Each line in the data must be reproduced as written, except for any picture.

*MATERIAL PROVIDED*:
· · · · · · ·
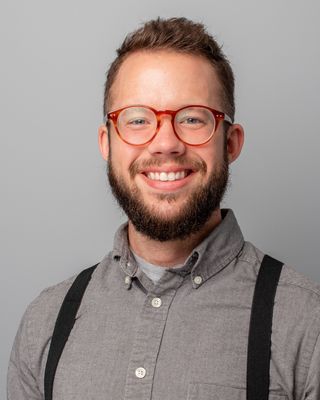 Photo of Kai Herschl, Clinical Social Work/Therapist in Asheville, NC
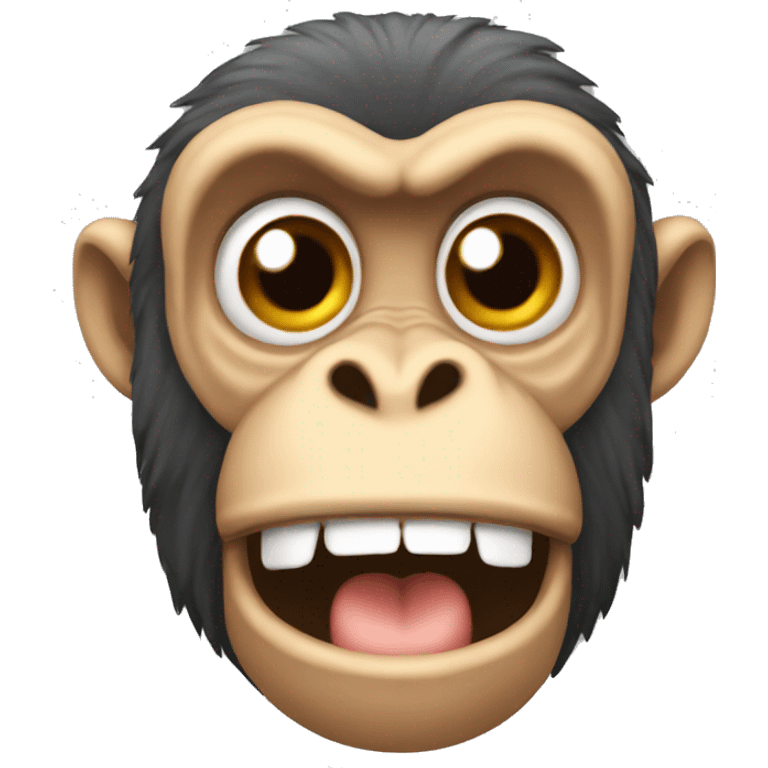 pesky monkey emoji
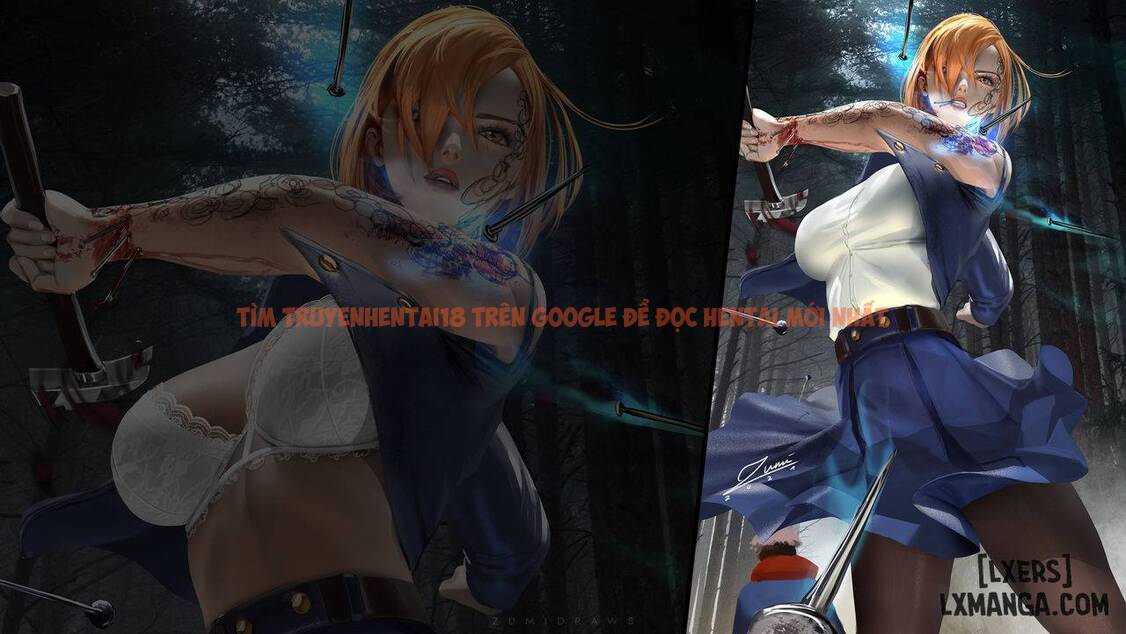 Xem ảnh 90 trong truyện hentai Artist Zumi - Chapter 16 - hentaitvn.net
· · · · · · ·
*RESULT OF THE EXERCISE*:
 Photo of Kai Herschl, Clinical Social Work/Therapist in Asheville, NC
 pesky monkey emoji
 Xem ảnh 90 trong truyện hentai Artist Zumi - Chapter 16 - hentaitvn.net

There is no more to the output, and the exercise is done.